Traditional ecological knowledge is also experimental and is always experiential. However, the experiments that peasant farmers conduct are experiments in situ (they take place in their natural context), not in vitro (in an artificial context) as in most standardized scientific experiments. The latter approach, purposefully and systematically controls the environment to identify the cause of the single effect under investigation. The former remains by necessity more open-ended and evolves through trial and error, often involving several simultaneous effects.

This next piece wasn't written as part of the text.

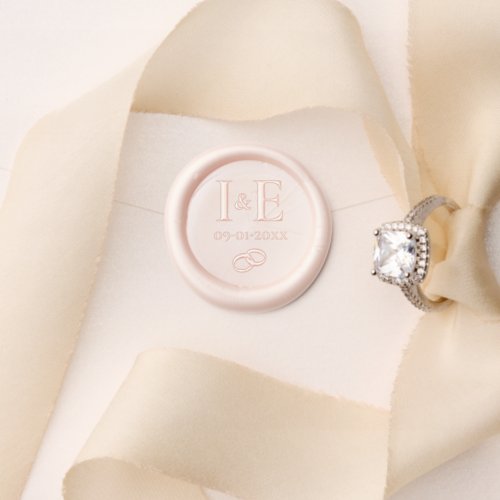 Elegant Monogram Initials Wedding Date Pearl Blush Wax Seal Stamp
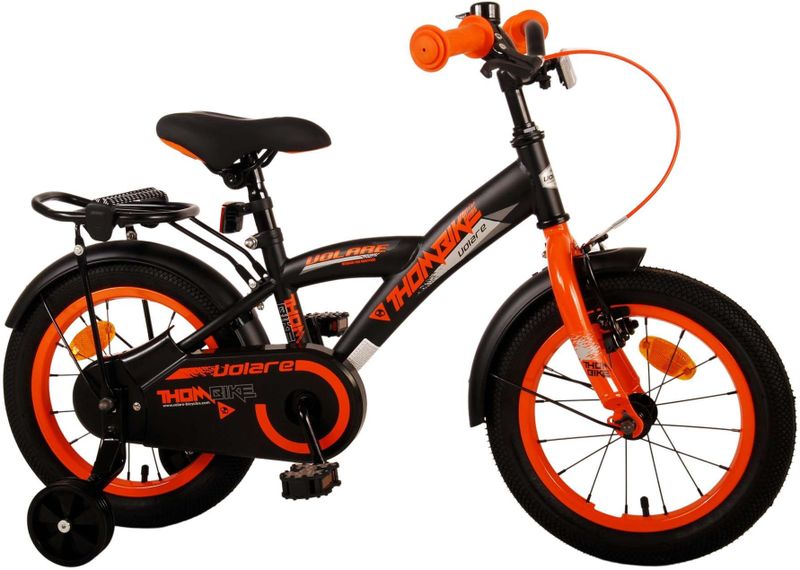 Volare - Thombike - Jongensfiets - Zwart/Oranje - Staal - 14 Inch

By comparing Western scientific knowledge with local, experiential knowledge, students can realize that the requirements of these types of knowledge tend to be very different. Science was born and has evolved mainly from the interest of finding universals – that is, the ability to make generalizations about phenomena. So scientific research looks for regularities and uniformities of phenomena that can be replicated under controlled conditions, and such findings have been among the greatest contributions of Western Science. Traditional knowledge, on the other hand, tends to be site specific and grounded in place; it seeks singularities and does not claim validity beyond the place where it evolved in local ecosystems. Thus, both systems of knowledge illuminate different aspects of reality and have their own demands, merits and weaknesses, depending on the aspect of reality they intend to illuminate. What is particularly interesting though, is that science, since Einstein’s Relativity and quantum physics, is documenting perceived differences. The goal of replication through experimentation is to verify shared perceptions of reality.



The key and final questions for this dialogue are: Is integration/translation between these different forms of knowledge possible, desirable? If yes, what does it involve? If not, why not?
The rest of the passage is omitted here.